Dating A Married ManI am actually going crazy about this MM situation that I am into right now I had to open my mac to search for blogs on this topic that led me here. My partner, yeah, a married man, was my classmate in graduate school about 6-7 years ago. I knew back then that he had some physical attraction with me as he volunteered to take me home after our class. He successfully did for a couple of times and in those occasions he told me that he is already married and that I should not send him text messages or even call him. I respected that of course because I was not attracted to him although I must admit that I felt elated with his offers.
Mending a broken heart
We both stopped schooling and did not see each other for almost 4 years until early last year when I had the break up with my 2-year boyfriend. I was still madly in love with my ex during our first meetings and I never really thought of entering into any serious relationship with him. It was too late before I realized that I was already hooked in this crazy love with him. The out-of town trips and escapades made us closer and I appreciated his presence more, as he has never left me during the lowest low points of my life. He was so sweet and kind to me.
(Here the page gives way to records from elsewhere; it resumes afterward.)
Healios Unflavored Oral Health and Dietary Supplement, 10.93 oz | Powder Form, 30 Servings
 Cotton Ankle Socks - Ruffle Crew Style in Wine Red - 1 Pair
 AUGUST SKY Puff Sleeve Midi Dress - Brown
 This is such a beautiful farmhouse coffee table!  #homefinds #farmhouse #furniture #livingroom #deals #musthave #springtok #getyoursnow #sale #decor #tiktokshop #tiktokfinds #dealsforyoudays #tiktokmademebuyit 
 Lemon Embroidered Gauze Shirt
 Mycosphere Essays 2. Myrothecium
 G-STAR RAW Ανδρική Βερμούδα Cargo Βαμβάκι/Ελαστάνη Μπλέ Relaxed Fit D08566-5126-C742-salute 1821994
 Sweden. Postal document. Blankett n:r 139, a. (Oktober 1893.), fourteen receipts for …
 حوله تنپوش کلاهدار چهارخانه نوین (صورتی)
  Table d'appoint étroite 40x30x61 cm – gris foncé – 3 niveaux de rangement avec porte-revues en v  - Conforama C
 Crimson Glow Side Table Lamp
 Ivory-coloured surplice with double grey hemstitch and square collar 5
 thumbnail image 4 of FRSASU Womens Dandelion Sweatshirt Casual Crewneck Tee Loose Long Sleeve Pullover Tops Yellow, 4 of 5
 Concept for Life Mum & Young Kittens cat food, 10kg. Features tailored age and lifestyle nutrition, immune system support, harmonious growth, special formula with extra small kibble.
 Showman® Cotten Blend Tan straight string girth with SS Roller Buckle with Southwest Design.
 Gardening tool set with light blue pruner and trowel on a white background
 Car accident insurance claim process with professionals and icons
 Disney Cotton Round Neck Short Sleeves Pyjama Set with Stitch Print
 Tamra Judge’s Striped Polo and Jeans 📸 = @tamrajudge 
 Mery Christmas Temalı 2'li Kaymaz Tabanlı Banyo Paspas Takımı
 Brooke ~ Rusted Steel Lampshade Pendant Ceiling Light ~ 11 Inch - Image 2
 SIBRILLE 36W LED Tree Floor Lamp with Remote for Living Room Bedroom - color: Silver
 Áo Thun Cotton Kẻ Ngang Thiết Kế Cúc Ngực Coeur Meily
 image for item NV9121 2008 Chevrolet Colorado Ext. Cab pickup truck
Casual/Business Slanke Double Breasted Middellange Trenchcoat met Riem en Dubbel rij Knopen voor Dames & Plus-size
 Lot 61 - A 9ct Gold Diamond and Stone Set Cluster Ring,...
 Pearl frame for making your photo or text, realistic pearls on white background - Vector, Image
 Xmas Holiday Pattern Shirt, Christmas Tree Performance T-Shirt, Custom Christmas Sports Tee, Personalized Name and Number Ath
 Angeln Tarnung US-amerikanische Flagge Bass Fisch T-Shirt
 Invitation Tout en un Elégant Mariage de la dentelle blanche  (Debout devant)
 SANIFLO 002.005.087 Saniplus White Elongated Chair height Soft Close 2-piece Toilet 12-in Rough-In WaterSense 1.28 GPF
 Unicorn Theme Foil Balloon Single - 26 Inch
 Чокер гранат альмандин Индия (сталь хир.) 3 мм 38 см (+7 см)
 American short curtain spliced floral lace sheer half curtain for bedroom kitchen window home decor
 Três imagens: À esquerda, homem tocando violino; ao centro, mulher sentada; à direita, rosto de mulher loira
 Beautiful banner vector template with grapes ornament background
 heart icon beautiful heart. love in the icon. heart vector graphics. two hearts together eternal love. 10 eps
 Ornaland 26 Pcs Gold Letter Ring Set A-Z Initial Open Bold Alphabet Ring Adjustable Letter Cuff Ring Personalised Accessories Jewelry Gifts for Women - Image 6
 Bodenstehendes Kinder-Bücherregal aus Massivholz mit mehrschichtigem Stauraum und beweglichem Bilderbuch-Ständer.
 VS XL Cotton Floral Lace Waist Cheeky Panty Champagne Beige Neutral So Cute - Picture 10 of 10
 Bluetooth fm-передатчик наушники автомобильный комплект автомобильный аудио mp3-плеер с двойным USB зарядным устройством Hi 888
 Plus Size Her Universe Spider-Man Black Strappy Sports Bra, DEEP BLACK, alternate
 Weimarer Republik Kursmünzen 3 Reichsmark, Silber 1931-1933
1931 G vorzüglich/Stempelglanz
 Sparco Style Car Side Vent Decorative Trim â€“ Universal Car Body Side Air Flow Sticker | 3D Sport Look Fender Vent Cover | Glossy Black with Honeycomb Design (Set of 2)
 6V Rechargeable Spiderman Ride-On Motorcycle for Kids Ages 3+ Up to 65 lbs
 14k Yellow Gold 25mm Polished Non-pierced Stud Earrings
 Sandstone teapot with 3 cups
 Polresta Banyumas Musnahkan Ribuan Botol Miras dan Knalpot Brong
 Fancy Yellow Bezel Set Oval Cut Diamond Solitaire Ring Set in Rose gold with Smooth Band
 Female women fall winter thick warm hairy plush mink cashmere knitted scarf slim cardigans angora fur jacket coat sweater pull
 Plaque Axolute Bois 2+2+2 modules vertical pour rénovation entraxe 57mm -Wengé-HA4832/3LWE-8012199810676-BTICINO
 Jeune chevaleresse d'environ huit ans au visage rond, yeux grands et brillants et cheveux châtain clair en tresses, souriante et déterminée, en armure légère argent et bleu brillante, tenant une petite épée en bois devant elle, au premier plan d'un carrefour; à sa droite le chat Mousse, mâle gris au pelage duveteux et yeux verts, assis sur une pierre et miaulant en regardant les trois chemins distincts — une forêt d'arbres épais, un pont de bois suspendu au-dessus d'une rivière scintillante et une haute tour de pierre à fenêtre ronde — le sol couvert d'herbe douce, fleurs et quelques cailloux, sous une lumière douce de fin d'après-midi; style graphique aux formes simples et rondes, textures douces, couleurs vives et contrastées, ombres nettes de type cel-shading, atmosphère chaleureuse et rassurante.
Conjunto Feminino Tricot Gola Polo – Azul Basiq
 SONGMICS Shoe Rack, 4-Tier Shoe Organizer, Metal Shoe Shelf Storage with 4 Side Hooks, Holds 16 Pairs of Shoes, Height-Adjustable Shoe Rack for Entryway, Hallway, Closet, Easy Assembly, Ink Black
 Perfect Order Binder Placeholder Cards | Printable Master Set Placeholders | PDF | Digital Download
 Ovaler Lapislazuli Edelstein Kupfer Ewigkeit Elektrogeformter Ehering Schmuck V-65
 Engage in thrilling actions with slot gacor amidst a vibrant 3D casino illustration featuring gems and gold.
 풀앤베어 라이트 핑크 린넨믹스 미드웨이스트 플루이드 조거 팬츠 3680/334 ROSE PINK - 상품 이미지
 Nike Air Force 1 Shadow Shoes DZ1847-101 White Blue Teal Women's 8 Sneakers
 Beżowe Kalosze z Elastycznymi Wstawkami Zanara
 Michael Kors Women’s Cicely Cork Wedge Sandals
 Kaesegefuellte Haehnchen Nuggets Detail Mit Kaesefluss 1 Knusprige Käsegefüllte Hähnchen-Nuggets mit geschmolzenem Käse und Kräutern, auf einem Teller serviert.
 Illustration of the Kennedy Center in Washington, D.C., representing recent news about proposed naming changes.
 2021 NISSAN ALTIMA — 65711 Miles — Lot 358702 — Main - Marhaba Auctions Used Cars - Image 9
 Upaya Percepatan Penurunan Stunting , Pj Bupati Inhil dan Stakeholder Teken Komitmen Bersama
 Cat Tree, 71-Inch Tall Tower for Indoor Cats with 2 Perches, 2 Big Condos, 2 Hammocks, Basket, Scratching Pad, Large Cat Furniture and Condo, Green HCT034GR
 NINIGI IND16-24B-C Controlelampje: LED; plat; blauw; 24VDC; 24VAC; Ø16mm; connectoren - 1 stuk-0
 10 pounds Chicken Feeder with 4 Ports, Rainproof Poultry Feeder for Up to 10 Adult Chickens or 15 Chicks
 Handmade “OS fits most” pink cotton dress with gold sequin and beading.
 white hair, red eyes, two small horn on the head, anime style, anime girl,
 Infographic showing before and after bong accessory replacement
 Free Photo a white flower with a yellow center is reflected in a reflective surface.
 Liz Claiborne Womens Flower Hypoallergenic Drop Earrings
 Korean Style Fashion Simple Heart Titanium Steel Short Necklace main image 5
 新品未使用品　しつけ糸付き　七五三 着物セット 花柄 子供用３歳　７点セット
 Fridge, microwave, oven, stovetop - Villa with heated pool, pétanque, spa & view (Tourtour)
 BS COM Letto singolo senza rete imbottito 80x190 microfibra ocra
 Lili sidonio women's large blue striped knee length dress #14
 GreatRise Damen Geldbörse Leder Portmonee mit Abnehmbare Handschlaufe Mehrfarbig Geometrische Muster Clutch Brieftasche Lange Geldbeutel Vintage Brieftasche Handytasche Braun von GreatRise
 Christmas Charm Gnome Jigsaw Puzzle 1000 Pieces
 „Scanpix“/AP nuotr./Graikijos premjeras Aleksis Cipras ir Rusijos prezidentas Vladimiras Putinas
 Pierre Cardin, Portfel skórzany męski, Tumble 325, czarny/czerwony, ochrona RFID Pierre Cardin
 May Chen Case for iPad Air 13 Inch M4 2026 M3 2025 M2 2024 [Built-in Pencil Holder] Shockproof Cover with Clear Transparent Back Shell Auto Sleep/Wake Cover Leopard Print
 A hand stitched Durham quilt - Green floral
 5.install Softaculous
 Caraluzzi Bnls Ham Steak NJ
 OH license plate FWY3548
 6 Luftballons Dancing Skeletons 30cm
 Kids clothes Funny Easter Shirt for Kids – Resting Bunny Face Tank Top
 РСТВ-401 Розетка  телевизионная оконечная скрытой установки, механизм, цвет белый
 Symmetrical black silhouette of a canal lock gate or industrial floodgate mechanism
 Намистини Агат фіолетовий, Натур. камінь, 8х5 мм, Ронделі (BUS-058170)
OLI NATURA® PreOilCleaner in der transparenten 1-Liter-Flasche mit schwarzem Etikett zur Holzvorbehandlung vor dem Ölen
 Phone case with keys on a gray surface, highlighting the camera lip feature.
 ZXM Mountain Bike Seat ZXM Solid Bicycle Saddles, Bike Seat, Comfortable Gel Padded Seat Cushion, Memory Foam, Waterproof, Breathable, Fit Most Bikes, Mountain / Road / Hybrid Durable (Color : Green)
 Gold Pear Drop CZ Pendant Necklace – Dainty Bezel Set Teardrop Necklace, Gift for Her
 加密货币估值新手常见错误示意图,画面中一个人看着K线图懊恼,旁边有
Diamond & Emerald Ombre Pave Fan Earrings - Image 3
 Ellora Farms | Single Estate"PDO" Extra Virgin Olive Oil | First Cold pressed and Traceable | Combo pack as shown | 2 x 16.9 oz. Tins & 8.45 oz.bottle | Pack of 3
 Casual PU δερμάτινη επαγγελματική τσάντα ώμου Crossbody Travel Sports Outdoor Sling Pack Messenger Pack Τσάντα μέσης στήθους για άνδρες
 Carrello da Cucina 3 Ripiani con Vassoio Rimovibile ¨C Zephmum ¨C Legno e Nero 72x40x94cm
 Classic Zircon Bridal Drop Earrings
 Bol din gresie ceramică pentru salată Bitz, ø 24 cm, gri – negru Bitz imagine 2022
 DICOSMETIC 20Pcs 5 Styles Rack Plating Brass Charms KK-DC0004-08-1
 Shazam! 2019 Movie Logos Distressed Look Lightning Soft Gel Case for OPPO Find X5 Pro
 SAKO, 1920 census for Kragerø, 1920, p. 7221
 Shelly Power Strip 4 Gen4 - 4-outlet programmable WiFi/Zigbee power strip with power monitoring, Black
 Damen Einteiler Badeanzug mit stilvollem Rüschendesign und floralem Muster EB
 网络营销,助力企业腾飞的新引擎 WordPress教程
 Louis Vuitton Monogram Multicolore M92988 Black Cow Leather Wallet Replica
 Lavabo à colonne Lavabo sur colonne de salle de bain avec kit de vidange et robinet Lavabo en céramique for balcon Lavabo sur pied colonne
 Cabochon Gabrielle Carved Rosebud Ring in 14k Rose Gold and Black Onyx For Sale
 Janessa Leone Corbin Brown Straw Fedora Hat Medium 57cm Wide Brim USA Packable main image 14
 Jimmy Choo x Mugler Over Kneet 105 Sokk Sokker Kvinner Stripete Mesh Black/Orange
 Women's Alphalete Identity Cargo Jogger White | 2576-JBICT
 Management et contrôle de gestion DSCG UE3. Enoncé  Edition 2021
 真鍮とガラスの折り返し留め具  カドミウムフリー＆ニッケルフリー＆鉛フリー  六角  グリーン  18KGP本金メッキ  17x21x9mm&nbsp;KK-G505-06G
The way he kisses me, embraces me and lets his fingers run through my hair proves that. He keeps on saying that he loves me so much, much more than he loves his wife. He said that even before we met each other he is already having difficulties in dealing with his wife but he cannot do anything but support her because of their two kids. He said that he couldn’t take it if his wife will take their kids away from him. This is basically the reason why we were always extra careful, always hiding.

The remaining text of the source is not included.